Em fevereiro de 1960, despedi-me de meus pais e irmãos para uma viagem que, hoje, já dura 60 anos. Foi um momento de muitas lágrimas por parte de mamãe e papai, num misto de alegria pela missão que eu haveria de assumir, e de tristeza pela saudade que já estavam a sentir. Quanto a mim, saí de cabeça erguida, disposto ao que der e vier. Acompanhado de Frei Samuel, com outros garotos viajei para o Seminário São João Batista, em Luzerna (SC). Primeira vez que viajava de ônibus (Canoinhas e Porto União) e primeira vez de trem (de Porto União a Luzerna). Em Luzerna permaneci só um ano, preparando-me para o Ginásio no Seminário São Luís de Tolosa, em Rio Negro (PR), onde estudei dois anos (1961-1962). De Rio Negro, fui encaminhado depois para o Seminário Santo Antônio de Agudos (SP), onde, após o término do Ginásio em 1964, cursei os três anos de Científico (1965-1967). Mantive permanente contato com a família, mediante cartas que trocávamos e, sobretudo, pelo tempo de férias de final de ano com ela, sobretudo ajudando nos trabalhos de agricultura. Lá por 1964, papai passava por dificuldades econômicas. Frei Onésimo Dreyer, reitor do Seminário de Agudos, entendendo a situação, generoso e compassivo, conseguiu-me da Alemanha um padrinho na pessoa do Sr. Heinrich Lang e família, que assumiu os custos das mensalidades do Seminário. Ficamos imensamente gratos a Deus pela família Lang e o querido Frei Onésimo, por quem oramos sempre.

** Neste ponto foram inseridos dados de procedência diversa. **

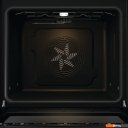 Духовые шкафы Gorenje BOS6737SYW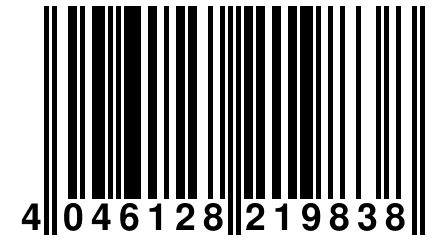 4 046128 219838
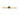 Sperlock Watch Strap - 26mm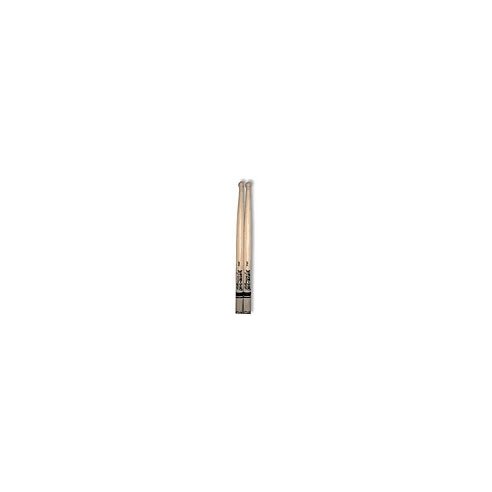 PRO MARK TX707W SIMON PHILLIPS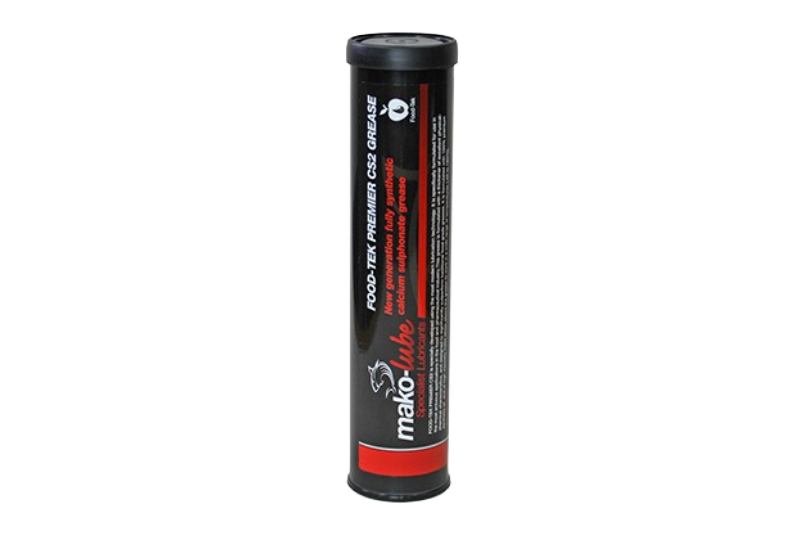 Food Grade Premier CS2 Grease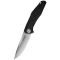 KERSHAW Atmos zsebkés - 4037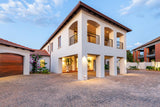 Property 3114673 - Image 2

Site Franciscanos – Você é feliz como frade menor?

Frei José Ariovaldo – O tempo de Seminário foi maravilho. Foi um tempo rico que, pela formação humana, espiritual e intelectual dada, contribuiu intensamente para minha posterior vida de frade feliz. Tantos detalhes de experiências lindas vividas e de desafios enfrentados! Daria um livro!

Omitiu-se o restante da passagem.